在女主离开之前,男主甚至连心底那番话都没来得及和她说。
黎月恒是红着眼睛从影厅里出来的。
她去洗手间洗了把脸,席星就等在外面,走廊的灯光有些昏暗,少年倚着一面墙,头低着,额前碎发自然垂落,神色不明。
看上去心情似乎也不怎么好。
黎月恒还以为他也是受了电影的影响,心中暗暗后悔起初,她还以为这是一部甜甜的恋爱电影,没想到是个悲剧。
“我们要不再去逛逛”黎月恒提议。
“嗯。”
商场里的人很多,黎月恒跟黎母不同,对购物的欲望并不算很强烈,随便逛了几圈便出来了。

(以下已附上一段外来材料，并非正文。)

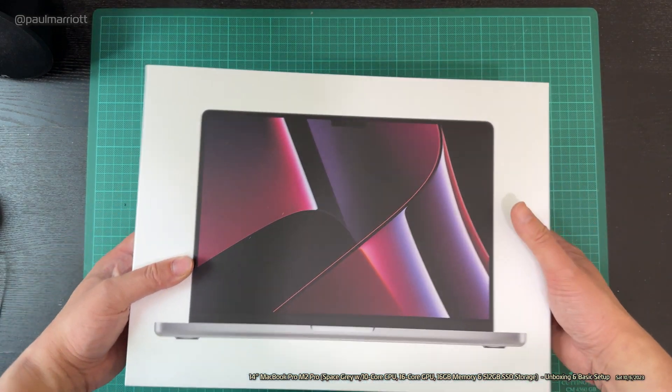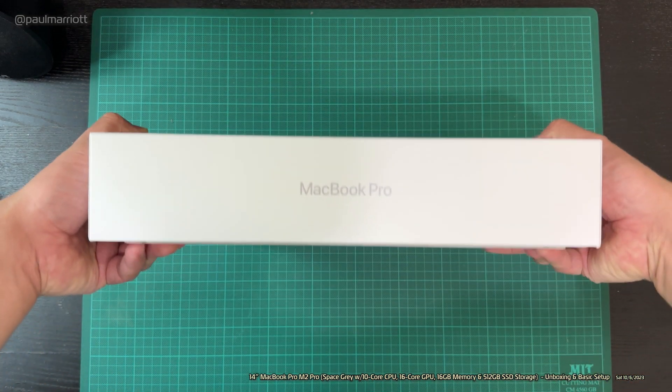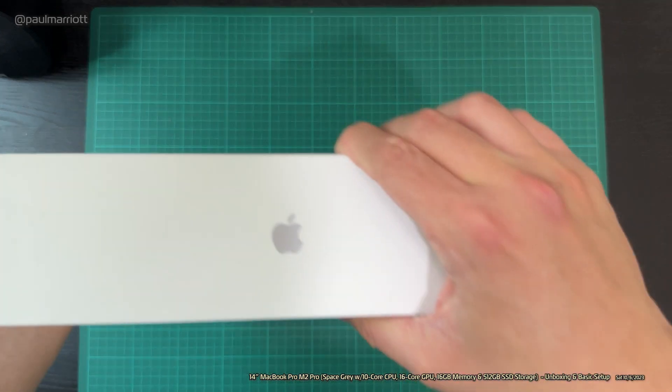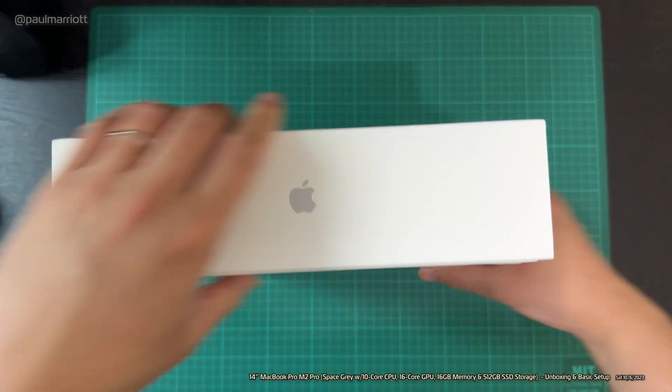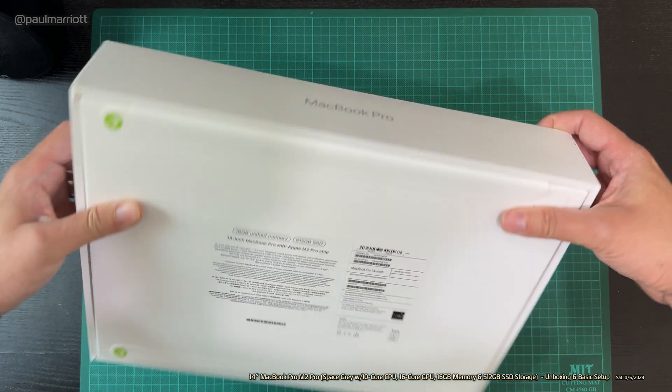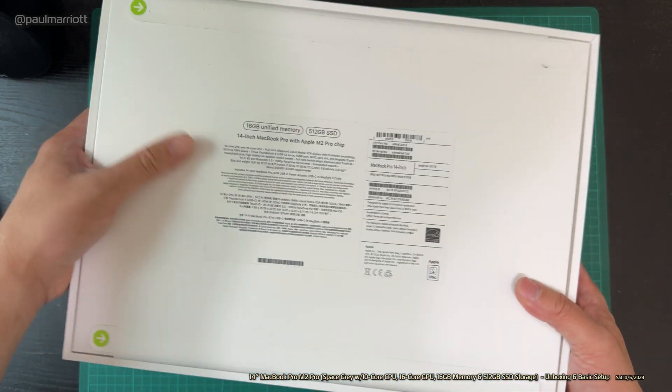So that's the front part. Yep, it is a MacBook Pro. Got the Apple logo, of course. MacBook Pro, let's look at the back.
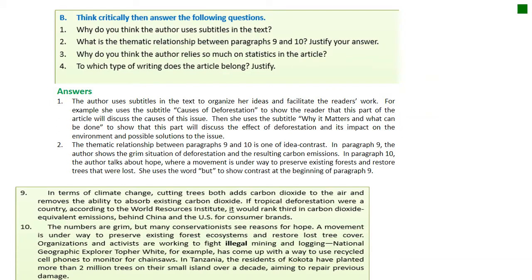Now the organizational skills questions. Number one: why do you think the author uses subtitles in the text? The author uses subtitles in the text to organize her ideas and facilitate the reader's work, making the text easier and more flowing. For example, she uses the subtitle 'Causes of Deforestation' to show the reader that this part of the article will discuss the causes of this issue. Then she uses the subtitle 'Why It Matters and What Can Be Done' to show that this part will discuss the effects of deforestation and possible solutions.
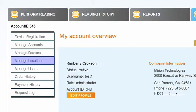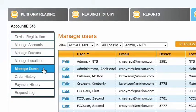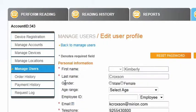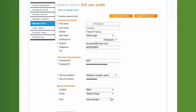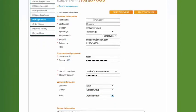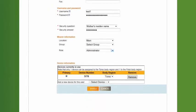Under Locations, you can add and modify locations. Under Users, you can add and modify wearers. From the Manage Users section of AMP, you can edit current users, add new users, and reassign devices.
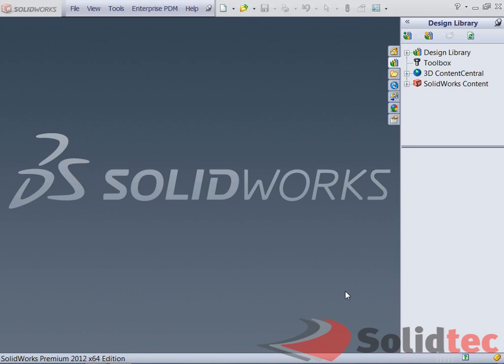In this video, I'm going to show you how to utilize the Property Tab Builder. The Property Tab Builder allows us to quickly insert custom properties from within a part, an assembly, a drawing or a weldment. Once these custom properties have been assigned, we can then use them on a drawing or they can be mapped to a drawing sheet, and that will speed up our design process.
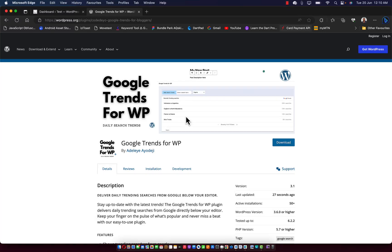Hello, welcome to Google Trends for WP. In this short tutorial, I'm going to show you how you can install and activate and also make use of Google Trends for WP.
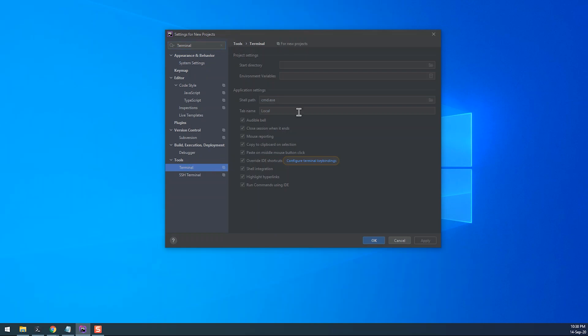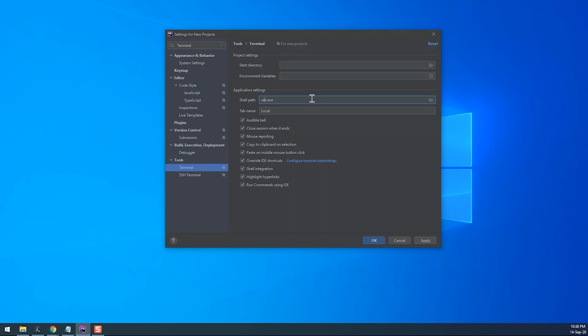Under Application Settings, a Shell Path input is available. This is the only option that we need to change. Enter the full path to Windows Subsystem for Linux Terminal. This can be done by simply writing WSL.exe, or the full path to System32, which is the way I prefer.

中心街道很是繁华,马路上行驶着各种名贵的私家车辆,川流不息。
因为不想这么早就回家,黎月恒拉着席星沿着人行道一直走,脚步慢慢悠悠的,她手里还拿着一杯拿铁,边喝边跟旁边的少年说些什么。
不知不觉走到另一条路上。
相比起中心街道,这边明显人流量低了许多。
突然间,黎月恒毫无预兆地停住脚步。
席星侧头问她“怎么了”
“”
黎月恒没有开口,手里的拿铁哗地一下落在地上,盖子松开,里面的液体顺着杯沿流了出来,迅速在地砖上蔓延开来。
席星顺着她的视线看过去
那是一家装修低调却精致的咖啡厅,通过落地玻璃窗,室内的环境一览无余。
此刻店内顾客不多,窗边的座位是空着的,能清晰地看见更里面的桌子坐着一男一女,其中那个男人他们俩都很熟悉。
是黎父。
黎月恒身体僵住,大脑里一片空白。
她认出了对面那个女人,就是上次在王味苑餐厅跟踪她,最后说自己是认错人的那个女人。
现在看来,绝不可能是认错。
黎月恒忽然想起了小时候有一次,黎父带着一个奇怪的阿姨来见过她,记忆中的脸已经模糊不清,却和眼前人的面容渐渐重叠在一起。
怪不得她上次会觉得熟悉。
原来早就见过。
他们到底是什么关系
黎月恒愣愣地看着咖啡厅里的两人,他们似乎在聊些不愉快的话题,黎父重重地放下茶杯,起身就往外走。
结果就在店门口看见了自家女儿。
黎父也怔了一下,阴沉的脸色变了变,有些不自然“咳,娇娇,还有阿星,你们怎么在这”
黎月恒往里看了一眼,那个女人还坐在原位没动,似乎没注意到他们这边。
“爸,你有没有什么要说的”
“说什么”黎父装傻,“有事回去再说,别杵在这儿了,我先去拿车”
耽误了这么一会儿的时间,那个女人也拎着包从咖啡厅里出来了,目光落在黎月恒脸上,神情霎时变得极为复杂。
甚至,还带着几分莫名的怀念。
“又见面了。”
黎月恒点点头,视线直直看着她。
不知道是不是自己的错觉,仔细看的时候,她们的五官起码有六七分的相似,不知道的人一看,或许会以为她们是一家人。
这说明什么
黎月恒抿了抿唇,把目光移向黎父。
压下心中的怀疑和不可置信,她其实是愿意相信自己的父亲的,只要他能给出合理的解释。
可是黎父却说“爸爸就是跟一个老朋友见个面而已,你别误会,也别和你妈说,省得她多想。”
回到家,黎月恒没跟黎母提这件事。
倒不是真打算替黎父瞒着,而是打算再观察几天,顺便证明一下自己的一个猜测。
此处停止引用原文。